Nicholas Browne & the Kobalos King – Ciarán Laverty

The snowy battlefield had been painted scarlet with the blood of slain soldiers, Kobalos and human alike. Slashing steel clanged all about and filled the air with such a din that I could only act on pure instinct. I struck out in winding arcs with my staff of rowan wood and pierced the armour of a Shaiksa assassin with my silver blade. As the beast-man gurgled blood I found myself beside the King, his royal armour of gilded steel glinting greyly in the cold Winter light.

We shared a silent conciliation, for it was my warning that had brought this battle about. Had I not come across the plot of the three wicked mages then perhaps the King would be dead even now, and the Northern realm would be forfeit to the evildoers. His sword hacked and slashed and sprayed blood in all directions as we stood back-to-back and watched the thinning of his forces and the pressing of the lethal wolfish assassins.

The fighting was spasmodic, and any sign of purpose was sure to jump out to me; Eblis, the greatest of the Shaiksa assassins, approached through the throng. In his hand he held a spear, and his pace was quickening with every step that drew him nearer. I sensed the danger of his attack, what may come if his strike were true, and so I departed from the King and wound about in a flanking manoeuvre to come at Eblis from the side. So singular was his purpose that he caught sight of me too late.

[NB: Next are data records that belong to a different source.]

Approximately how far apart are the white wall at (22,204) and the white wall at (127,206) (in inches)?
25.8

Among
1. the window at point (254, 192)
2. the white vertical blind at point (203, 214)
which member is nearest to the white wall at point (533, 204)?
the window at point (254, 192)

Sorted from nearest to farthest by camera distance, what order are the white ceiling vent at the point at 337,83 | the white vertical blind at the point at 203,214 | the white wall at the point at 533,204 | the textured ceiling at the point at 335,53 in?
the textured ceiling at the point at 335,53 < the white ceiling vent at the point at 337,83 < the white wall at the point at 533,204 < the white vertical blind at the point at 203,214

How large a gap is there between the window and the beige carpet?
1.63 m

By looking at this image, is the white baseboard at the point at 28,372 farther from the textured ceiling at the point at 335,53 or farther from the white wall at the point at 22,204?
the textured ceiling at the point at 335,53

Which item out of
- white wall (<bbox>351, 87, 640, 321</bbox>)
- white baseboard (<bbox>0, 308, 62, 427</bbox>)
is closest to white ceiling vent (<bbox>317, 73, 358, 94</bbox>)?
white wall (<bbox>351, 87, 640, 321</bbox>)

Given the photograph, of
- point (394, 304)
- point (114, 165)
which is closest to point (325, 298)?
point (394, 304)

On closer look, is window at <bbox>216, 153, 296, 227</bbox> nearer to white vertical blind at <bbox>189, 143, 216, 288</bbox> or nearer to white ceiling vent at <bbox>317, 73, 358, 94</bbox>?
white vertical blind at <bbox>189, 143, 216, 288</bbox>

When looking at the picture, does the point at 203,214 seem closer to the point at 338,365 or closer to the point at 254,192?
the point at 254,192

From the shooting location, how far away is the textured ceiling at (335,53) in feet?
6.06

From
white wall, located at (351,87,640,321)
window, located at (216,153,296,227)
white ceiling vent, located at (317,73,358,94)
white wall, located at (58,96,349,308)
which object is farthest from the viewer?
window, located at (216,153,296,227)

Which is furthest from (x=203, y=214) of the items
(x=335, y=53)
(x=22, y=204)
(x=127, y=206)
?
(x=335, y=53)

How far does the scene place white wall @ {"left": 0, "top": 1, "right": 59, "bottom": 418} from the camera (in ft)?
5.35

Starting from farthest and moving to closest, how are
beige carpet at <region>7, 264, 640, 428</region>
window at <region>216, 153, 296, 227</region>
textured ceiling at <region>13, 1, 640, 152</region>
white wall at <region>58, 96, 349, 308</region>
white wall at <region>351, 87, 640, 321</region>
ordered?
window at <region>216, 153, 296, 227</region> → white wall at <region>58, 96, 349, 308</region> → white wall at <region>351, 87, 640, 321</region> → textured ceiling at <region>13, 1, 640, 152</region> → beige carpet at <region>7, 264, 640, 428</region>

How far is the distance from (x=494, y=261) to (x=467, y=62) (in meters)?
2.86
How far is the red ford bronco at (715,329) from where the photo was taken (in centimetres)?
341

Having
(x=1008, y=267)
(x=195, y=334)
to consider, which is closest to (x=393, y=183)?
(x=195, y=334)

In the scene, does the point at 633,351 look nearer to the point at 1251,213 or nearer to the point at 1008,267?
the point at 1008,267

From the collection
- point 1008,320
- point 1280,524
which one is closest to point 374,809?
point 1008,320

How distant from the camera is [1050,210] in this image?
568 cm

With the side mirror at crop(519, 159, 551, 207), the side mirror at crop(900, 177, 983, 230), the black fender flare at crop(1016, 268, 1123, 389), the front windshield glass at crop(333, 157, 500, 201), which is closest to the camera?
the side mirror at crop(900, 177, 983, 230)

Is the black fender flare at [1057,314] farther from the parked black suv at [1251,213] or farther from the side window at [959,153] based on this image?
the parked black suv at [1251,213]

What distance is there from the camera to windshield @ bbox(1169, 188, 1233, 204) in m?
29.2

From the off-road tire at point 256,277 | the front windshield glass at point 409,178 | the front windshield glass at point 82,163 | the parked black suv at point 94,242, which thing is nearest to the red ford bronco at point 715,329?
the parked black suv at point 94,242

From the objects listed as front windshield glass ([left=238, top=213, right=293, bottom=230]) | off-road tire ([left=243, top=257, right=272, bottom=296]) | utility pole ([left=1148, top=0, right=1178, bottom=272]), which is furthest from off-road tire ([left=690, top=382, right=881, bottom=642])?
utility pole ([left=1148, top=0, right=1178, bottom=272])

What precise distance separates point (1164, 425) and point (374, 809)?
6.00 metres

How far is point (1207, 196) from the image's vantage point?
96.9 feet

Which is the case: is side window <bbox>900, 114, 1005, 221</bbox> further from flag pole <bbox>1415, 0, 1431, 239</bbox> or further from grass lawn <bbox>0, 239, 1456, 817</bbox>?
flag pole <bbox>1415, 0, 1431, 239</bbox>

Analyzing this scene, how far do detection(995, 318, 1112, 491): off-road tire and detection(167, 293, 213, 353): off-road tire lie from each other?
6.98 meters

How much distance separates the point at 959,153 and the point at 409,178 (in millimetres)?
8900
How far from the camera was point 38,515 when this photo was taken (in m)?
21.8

His hand struggled to unsheathe his blade as he faltered from the weight of the spear on his other side. I plunged the tip of my staff, blade extended, into his gullet and he howled in agony as blood spat onto my face. He whirled in a lethal swing and brought the spear’s edge past my nose. The force of it shattered my staff, and he reared with ferocious vigour, ready to kill me. I was unarmed, and certain of his accomplishing his goal.

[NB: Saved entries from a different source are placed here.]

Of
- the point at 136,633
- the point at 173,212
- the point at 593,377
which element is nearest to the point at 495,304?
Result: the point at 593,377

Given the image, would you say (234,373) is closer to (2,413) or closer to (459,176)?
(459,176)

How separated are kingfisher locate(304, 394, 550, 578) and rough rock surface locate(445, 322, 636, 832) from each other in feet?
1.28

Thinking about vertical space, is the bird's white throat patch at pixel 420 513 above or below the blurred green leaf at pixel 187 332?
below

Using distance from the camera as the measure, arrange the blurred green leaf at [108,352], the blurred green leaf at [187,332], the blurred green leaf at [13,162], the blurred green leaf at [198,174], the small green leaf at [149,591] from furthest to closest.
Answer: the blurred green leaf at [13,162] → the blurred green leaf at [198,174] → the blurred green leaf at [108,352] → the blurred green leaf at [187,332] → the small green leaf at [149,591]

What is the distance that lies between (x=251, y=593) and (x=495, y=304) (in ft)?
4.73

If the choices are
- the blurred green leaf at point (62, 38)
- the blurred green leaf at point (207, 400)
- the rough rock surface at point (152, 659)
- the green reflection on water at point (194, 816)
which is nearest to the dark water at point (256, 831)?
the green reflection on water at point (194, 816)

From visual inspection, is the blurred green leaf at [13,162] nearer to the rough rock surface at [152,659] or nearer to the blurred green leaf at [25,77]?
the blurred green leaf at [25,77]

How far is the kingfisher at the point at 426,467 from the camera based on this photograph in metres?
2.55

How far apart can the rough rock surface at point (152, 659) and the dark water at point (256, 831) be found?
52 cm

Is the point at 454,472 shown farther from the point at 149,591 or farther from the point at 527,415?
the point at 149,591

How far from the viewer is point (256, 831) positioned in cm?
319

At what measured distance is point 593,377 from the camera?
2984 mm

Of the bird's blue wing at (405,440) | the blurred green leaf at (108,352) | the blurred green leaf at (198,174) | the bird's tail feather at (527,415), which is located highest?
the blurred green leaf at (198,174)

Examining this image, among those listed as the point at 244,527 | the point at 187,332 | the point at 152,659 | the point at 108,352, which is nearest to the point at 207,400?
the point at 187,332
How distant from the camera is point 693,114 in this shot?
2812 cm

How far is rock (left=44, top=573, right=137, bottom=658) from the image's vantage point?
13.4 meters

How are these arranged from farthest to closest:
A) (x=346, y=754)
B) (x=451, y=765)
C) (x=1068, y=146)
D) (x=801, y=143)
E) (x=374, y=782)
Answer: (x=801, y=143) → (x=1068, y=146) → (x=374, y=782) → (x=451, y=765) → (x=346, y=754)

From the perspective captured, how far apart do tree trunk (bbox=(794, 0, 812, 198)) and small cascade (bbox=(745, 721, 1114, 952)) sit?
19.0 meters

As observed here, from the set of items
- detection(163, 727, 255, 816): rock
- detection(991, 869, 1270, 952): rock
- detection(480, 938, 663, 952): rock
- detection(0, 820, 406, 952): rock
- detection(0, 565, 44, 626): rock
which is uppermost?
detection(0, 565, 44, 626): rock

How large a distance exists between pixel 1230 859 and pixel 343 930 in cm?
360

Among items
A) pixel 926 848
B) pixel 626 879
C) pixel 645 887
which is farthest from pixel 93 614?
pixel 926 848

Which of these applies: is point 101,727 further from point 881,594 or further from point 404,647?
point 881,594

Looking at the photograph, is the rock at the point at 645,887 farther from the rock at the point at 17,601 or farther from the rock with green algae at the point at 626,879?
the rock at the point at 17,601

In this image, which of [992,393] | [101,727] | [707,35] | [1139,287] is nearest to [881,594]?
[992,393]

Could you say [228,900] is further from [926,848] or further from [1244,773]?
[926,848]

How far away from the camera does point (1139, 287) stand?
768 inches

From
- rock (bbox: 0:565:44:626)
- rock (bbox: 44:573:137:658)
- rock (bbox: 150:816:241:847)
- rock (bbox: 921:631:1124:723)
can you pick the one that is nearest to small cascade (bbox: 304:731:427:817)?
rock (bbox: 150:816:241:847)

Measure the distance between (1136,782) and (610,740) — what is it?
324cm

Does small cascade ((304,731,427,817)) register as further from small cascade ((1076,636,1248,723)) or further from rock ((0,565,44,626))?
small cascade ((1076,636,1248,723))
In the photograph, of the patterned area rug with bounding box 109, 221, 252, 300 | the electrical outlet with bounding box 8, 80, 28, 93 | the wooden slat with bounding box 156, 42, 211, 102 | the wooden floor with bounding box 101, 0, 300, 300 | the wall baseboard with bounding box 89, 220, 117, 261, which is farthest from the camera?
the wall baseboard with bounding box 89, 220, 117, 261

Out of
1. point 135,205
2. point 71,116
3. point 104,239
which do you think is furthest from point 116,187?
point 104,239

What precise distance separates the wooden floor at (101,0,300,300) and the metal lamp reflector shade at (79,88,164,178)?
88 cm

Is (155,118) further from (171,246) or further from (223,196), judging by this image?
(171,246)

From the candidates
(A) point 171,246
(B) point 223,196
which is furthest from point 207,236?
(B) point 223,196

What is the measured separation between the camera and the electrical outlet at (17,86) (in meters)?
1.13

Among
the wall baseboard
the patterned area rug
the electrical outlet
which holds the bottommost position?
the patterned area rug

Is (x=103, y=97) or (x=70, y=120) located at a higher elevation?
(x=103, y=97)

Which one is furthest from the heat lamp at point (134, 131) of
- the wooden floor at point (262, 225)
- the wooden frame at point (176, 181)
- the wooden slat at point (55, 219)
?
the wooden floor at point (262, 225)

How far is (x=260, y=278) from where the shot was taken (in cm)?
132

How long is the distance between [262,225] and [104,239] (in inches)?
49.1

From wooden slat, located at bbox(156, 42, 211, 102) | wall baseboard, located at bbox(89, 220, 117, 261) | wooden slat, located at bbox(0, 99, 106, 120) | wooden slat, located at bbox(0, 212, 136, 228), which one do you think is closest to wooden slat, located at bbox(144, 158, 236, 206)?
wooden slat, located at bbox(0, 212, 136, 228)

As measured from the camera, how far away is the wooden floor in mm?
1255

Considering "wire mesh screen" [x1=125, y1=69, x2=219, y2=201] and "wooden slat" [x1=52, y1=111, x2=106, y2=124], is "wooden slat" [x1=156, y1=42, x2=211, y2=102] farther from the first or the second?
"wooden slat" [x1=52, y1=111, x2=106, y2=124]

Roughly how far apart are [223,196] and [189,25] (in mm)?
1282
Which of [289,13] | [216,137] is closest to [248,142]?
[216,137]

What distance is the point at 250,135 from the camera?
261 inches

Eblis’s eyes flared as if in defiant panic. I glanced to his side and saw the King had plunged his sword through the assassin’s back, and his grip was full of twisted malice and his fangs were trapped in a tight grimace. The assassin slouched and drooped forward, and as he tumbled to the ground his felling became like that of a thousand-year-old oak tree, for silence fell across the battlefield. Eblis slumped into the snow, mouth first, his final steamy breath melting the crimson slush between his fangs. I looked about at all the soldiers, the shaven faces of the Kobalos warriors. At the field’s edge were the three mages; Balkai, Lenklewth, and Meljann, and even at such a distance I could see the bewildered defeat in their expressions. The King raised his sword high and bellowed to his soldiers:

“I have slain the greatest of you!” He yelled in the Losta tongue. “Dare you fulfil your blood oath?” Silence continued to reign across the range. “Turn your blades to those who have dishonoured me.” No further command was given, as every man bent his sword to the mages, and the three tried in vain to flee the throng, but such was the multitude that their escape was beyond the realm of possibility. The King placed a weary hand upon my shoulder.

“Thank you for all you have done here today, Nicholas Browne.” He sighed. “We Kobalos owe you a debt we cannot repay.”

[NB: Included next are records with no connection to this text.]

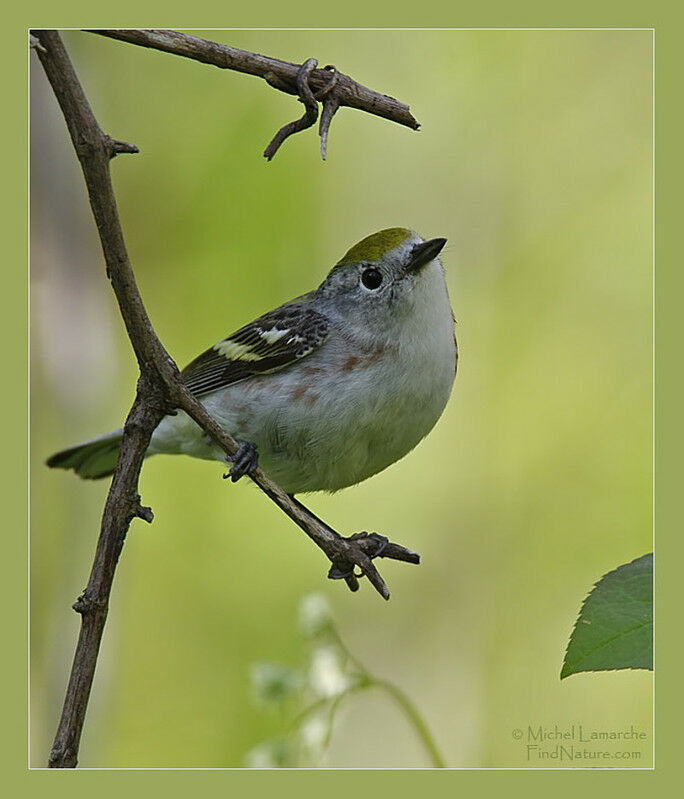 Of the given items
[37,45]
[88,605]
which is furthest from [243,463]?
[37,45]

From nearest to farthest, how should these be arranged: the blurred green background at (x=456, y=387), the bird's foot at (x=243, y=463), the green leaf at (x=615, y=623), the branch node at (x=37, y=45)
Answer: the green leaf at (x=615, y=623), the branch node at (x=37, y=45), the bird's foot at (x=243, y=463), the blurred green background at (x=456, y=387)

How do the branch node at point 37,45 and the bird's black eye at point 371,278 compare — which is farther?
the bird's black eye at point 371,278

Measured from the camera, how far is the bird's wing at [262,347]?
1.78 meters

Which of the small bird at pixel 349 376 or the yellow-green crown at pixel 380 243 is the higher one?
the yellow-green crown at pixel 380 243

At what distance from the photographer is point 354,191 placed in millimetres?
2195

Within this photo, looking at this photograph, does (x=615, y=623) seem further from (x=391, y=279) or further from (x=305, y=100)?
(x=391, y=279)

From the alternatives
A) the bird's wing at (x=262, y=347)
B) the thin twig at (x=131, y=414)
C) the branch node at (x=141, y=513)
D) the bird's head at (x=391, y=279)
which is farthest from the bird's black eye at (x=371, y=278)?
the branch node at (x=141, y=513)

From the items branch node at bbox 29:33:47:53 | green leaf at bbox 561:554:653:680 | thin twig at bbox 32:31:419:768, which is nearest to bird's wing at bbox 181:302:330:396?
thin twig at bbox 32:31:419:768

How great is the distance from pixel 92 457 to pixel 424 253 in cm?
81

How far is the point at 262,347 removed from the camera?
1.83 m

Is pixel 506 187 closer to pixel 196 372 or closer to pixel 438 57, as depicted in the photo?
pixel 438 57

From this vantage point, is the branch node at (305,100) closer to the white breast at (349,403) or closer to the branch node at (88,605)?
the white breast at (349,403)

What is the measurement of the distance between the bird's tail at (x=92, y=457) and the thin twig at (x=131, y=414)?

“The end to their evil schemes is recompense enough, Your Highness.” I reassured him. The next few days were spent in revelry, and the King made promises to me from the bottom of his wine cups that he would set his people on a righteous path. Much as I am averse to magic in all its forms, he had some fanciful notion of restoring the Slarinda, the female branch of his folk. I wish him well in that and all his endeavours, whether they bear ripe fruit or not.